Australian Police Continue to Hunt 'Innocence of Muslims' Protest Leaders
SYDNEY - Australian police have charged six men over a protest against the film, Innocence of Muslims, that turned violent in Sydney on Saturday.
Two police and 17 others were injured in the ad hoc protest which grew to between 300 and 400 people, and started at Sydney Town Hall then marched on the U.S. consulate, about a kilometre away before clashes with 200 police spread throughout the city’s central business district and Hyde Park. CCTV footage is being viewed to find other ringleaders.
Women, children and families were part of the protest, which was organized via text message and social media, with one young boy among a number of protestors photographed holding banners which read “Behead those who insult Islam.”
Questioned about those signs one unnamed protestor told ABC Television “ It wasn’t for the police commissioner, it was for the individual who made the movie.”
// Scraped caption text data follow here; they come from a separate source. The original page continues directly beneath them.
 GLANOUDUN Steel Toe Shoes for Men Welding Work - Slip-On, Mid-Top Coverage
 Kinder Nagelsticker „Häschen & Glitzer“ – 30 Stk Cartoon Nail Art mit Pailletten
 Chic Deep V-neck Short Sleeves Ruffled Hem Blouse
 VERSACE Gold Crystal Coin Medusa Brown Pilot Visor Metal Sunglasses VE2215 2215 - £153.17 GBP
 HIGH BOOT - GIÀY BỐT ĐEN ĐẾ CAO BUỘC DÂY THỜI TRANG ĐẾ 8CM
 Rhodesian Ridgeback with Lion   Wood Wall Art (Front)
The text messages which reportedly called people to rally against the film, which has fuelled violence throughout Muslim communities in the Middle East and Africa, read "we must act now" to "defend the Prophet's honour."
The Sydney Morning Herald reported Monday that angry Muslim community members had tipped off the police to the rally.
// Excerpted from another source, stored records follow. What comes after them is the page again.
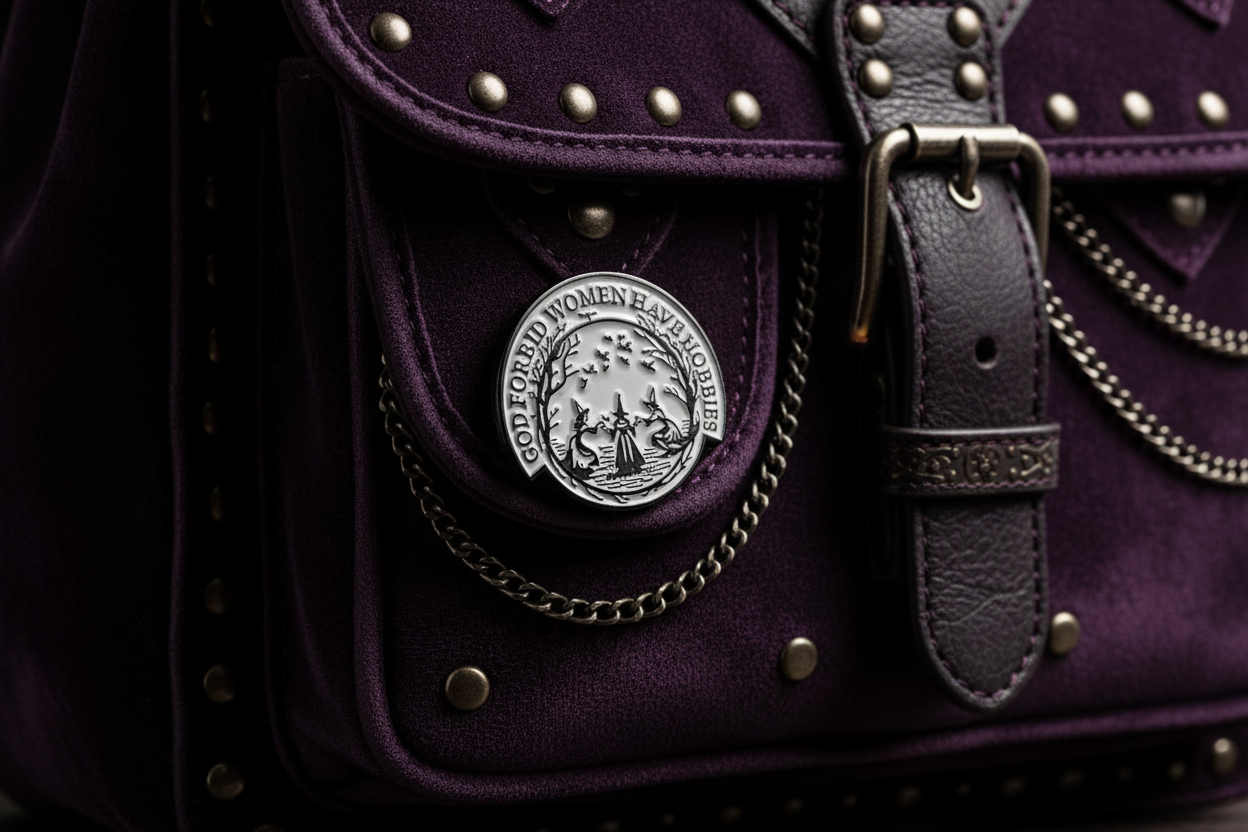 God forbid women have hobbies enamel pin attached to purse gothic  accessory for bags and personal style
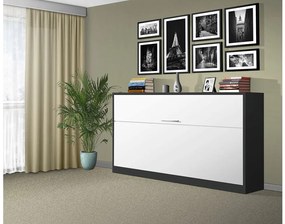 Nabytekmorava Sklápacia posteľ VS1056, 200x90cm farba lamina: antracit/biele dvere, Varianta dverí: lesklé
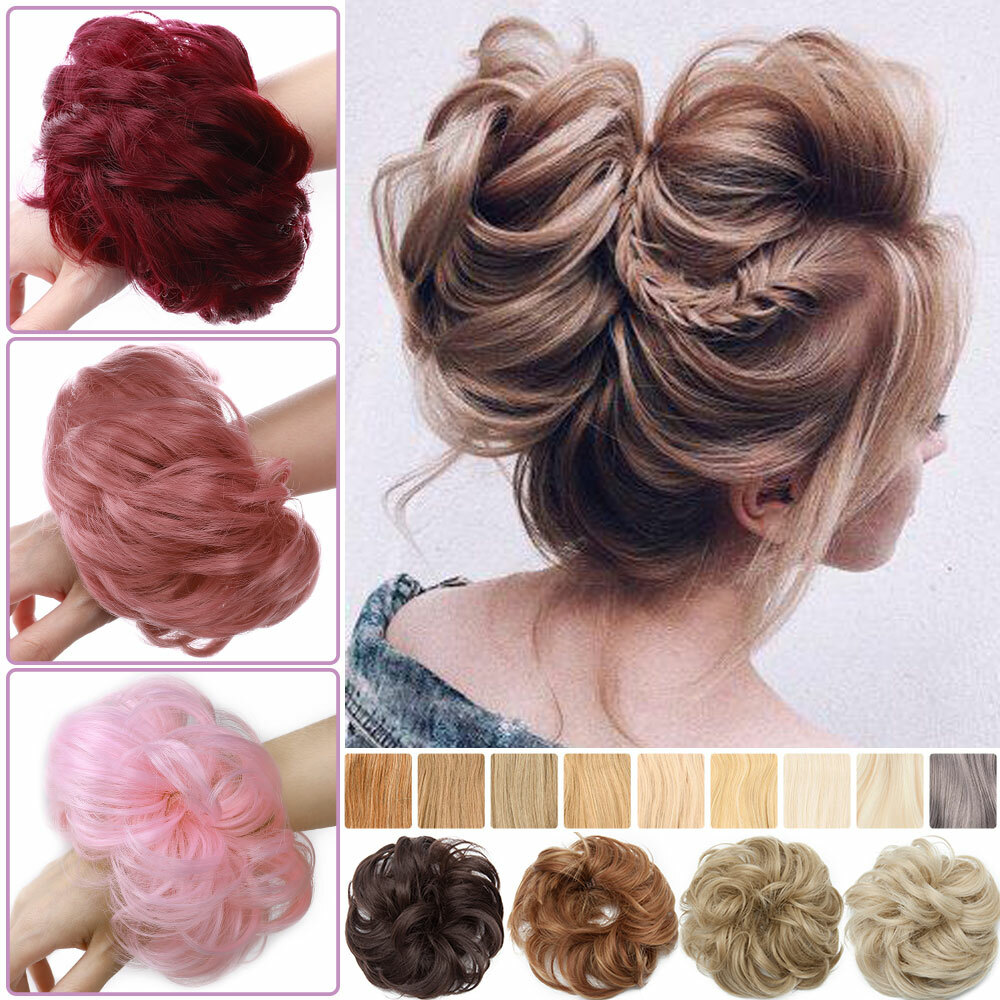 Extra Thick Bun Messy Scrunchie Extensions Real Natural as Human Hair Piece US D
NSW Police commissioner Andrew Scipione said: "Many of them were sent to us by people within the community who were outraged by what they were receiving on their SMS system or on their Facebook page and so they brought them to our attention.”
Muslim community leaders denounced the protest on Sunday.
Samir Dandan of the Lebanese Muslim Association said the violent scenes were “outside the normal behaviour of any Muslim.”
Youth leader Kurnada Sevit of the Forum on Australian Islamic Relations said the rally was “disorganized, uncontrolled and a free for all,” which was why he decided not to attend.
Australian Foreign Minister Bob Carr said Monday the violence in the protest was the work of a “lunatic fringe.”
"It's a more nuanced story and we've got to think about the hurt and the pain of Australian Muslims, loyal Australians, when they saw that stupid and dangerous and repugnant lunatic fringe - 100 of them, a mere 100 of them - on Saturday night's TV," Senator Carr told ABC radio.
United States Ambassador in Australia, Jeffrey Bleich, thanked police for protecting the embassy on Saturday and said it was "business as usual" today.
He would not say if security had been beefed up for him or his staff in the wake of the international violence, sparked by the online video.
"I was particularly heartened by the overwhelming outpouring of support that came for America in the aftermath," he told reporters here.